But Douthat takes Jones’ apparent theme a step further, saying that many incidents of sexual abuse, harassment and just plain bad behavior against women are perpetrated by men with “the very different sort of male personality that a pornographic education seems to produce: a breed at once entitled and resentful, angry and undermotivated, ‘woke’ and caddish, shaped by unprecedented possibilities for sexual gratification and frustrated that real women are less available and more complicated than the version on their screen.”
The solution, Douthat believes, is to get rid of porn altogether—a step he sees not as censorship of free expression, but as regulation of a commercial product, “something made and distributed and sold, and therefore subject to regulation and restriction if we so desire. The belief that it should not be restricted is a mistake; the belief that it cannot be censored is a superstition,” Douthat, who's apparently unfamiliar with the First Amendment and several Supreme Court decisions, writes.
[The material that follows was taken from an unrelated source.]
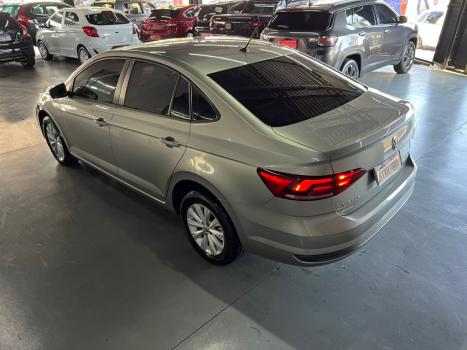 VOLKSWAGEN Virtus 1.0 4P 200 TSI FLEX COMFORTLINE AUTOMTICO, Foto 6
In other words, Douthat appears to say, the only barrier to banning porn is the political will to do it. But the 50-year-old “libertarian” political magazine Reason quickly shot down Douthat’s point, arguing in an essay published on Monday afternoon that a porn ban would not only fail, but would actually itself create dangers beyond those imagined by Douthat—who cites no empirical evidence in his column to support his belief that porn viewing leads to inappropriate sexual behavior in teens.
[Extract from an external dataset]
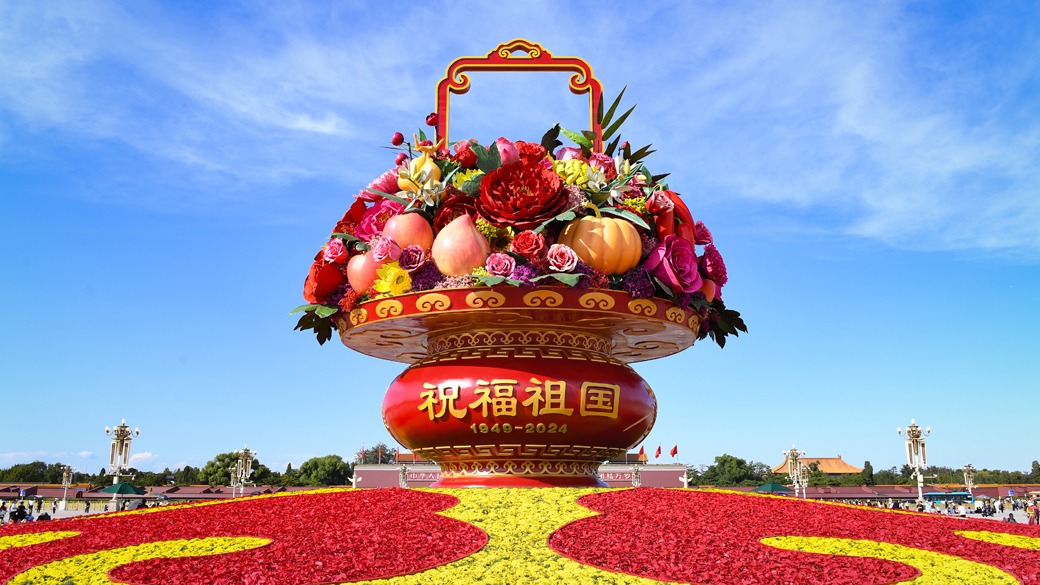 Floral displays adorn Beijing for National Day holiday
“Attempting to ban porn would at best be a foolish, expensive, and futile project, and at worst a path to a new and radically expanded police state devoted to punishing people for engaging in acts of consensual self-expression,” wrote Reason Managing Editor Peter Suderman. “A federal war on porn would be just as winnable as the federal wars on drugs and alcohol—in other words, not winnable at all.”
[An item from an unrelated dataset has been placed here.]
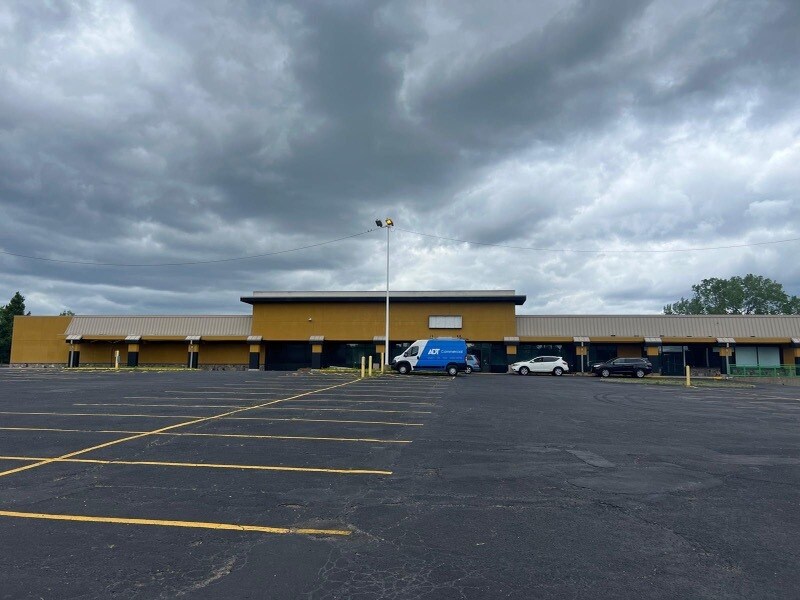 2201-2261 37th Ave NE, Columbia Heights, MN for Rent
Douthat’s column, along with the Jones article on teen porn consumption, has sparked alarm among some advocates for the industry. Author, performer and sex worker rights advocate Conner Habib posted a lengthy thread on his Twitter account in which he declared that “a cultural movement to ban pornography is building right now. ... If you don't think there is a war on porn, sex workers, and freedom to create/access sexual expression going on, you're not paying attention.”
“Yes, you read that right: The New York Times published an opinion piece by a conservative anti-porn activist saying ‘let's ban porn’ to affirm the worth of their article about how teen sexuality is messed up by porn,” Habib wrote.
Even a failed attempt to ban or restrict porn could do long-term damage to the industry, however, if history provides an analogy. A crackdown on comic books in the early 1950s led to the creation of the “Comics Code,” a set of self-censorship rules for the comic book publishing industry. More than 60 years later, the Comics Code, in somewhat modified form, still exists today—and is largely ignored by mainstream comic book publishers. And porn producers already have their own version of the Comics Code: It's federal and state obscenity laws.
AVN Senior Editor Mark Kernes also commented on the Douthat article here. He pointed out that it is exactly the type of "porn literacy" that is the subject of Jones' article that American teens (and even pre-teens) need, since A) their parents seem reticent or are possibly simply too ignorant to provide that necessary education, and 2) such courses encourage the students to discuss what they've seen on the screen, and allow instructors to set the kids straight on what porn is, and perhaps more importantly, what it isn't: a guidebook for sexual relationships.